Kazuo Ishiguro was born in Nagasaki, Japan, in 1954, the son of an oceanographer. When he was five, his father was invited to work at the National Institute of Oceanography in Surrey, and the family relocated to England with the intention of returning within a few years. They never did. Ishiguro grew up in England, educated at the University of Kent and the University of East Anglia — where he studied creative writing under Malcolm Bradbury and Angela Carter — and became British in experience and literary formation while remaining, in some indefinable way, profoundly shaped by a Japan he left too early to properly remember. This condition — the imaginative reconstruction of an origin that cannot be directly recalled — is the subject of his first two novels and haunts all the work that follows.

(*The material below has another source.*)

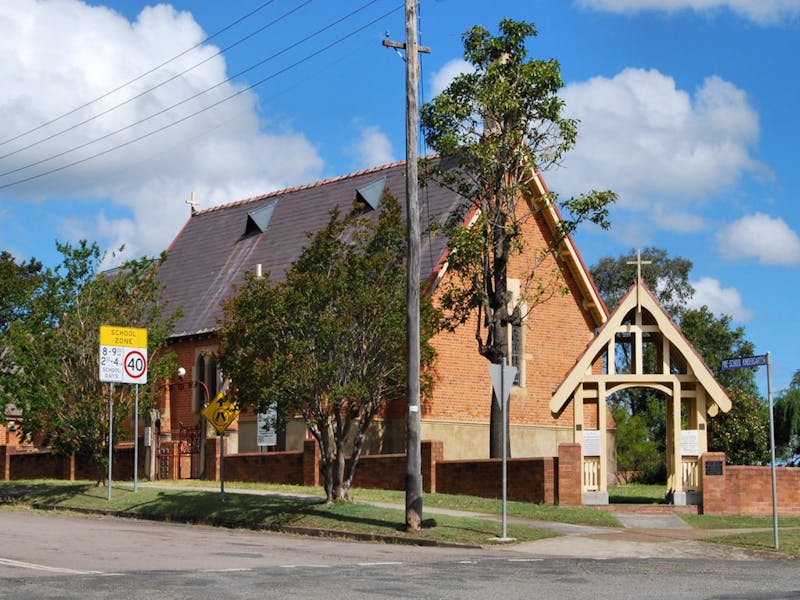 Image for Anglican Church Markets Dungog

His early novels, A Pale View of Hills and An Artist of the Floating World, are set in Japan and concern characters reckoning with personal and national histories in the aftermath of the Second World War. They are formally controlled works of great emotional restraint, establishing the narrative technique that would define Ishiguro's career: the unreliable first-person narrator who tells us, with apparent completeness and sincerity, a version of their own history that gradually reveals itself to be incomplete, self-serving, or constructed to avoid a truth too painful to face directly.

The Remains of the Day, published in 1989 and winner of the Booker Prize, is his masterwork and one of the most celebrated British novels of the twentieth century. Stevens, an elderly English butler, takes a rare motoring holiday through the West Country while reconstructing the decades he spent in service to a lord who turned out to be a Nazi sympathiser. The novel is built from what Stevens cannot bring himself to say: his love for a housekeeper, his knowledge of his employer's true politics, his understanding of his own waste. It is a work of devastating formal precision. Never Let Me Go — set in an alternative England where a class of children have been created for the specific purpose of donating their organs — extends these techniques into science fiction with devastating effect.

Ishiguro was awarded the Nobel Prize in Literature in 2017. His subsequent novel, Klara and the Sun, narrated by an artificial friend, continues his exploration of consciousness, memory, and what it means to love something or someone when you know the relationship must end.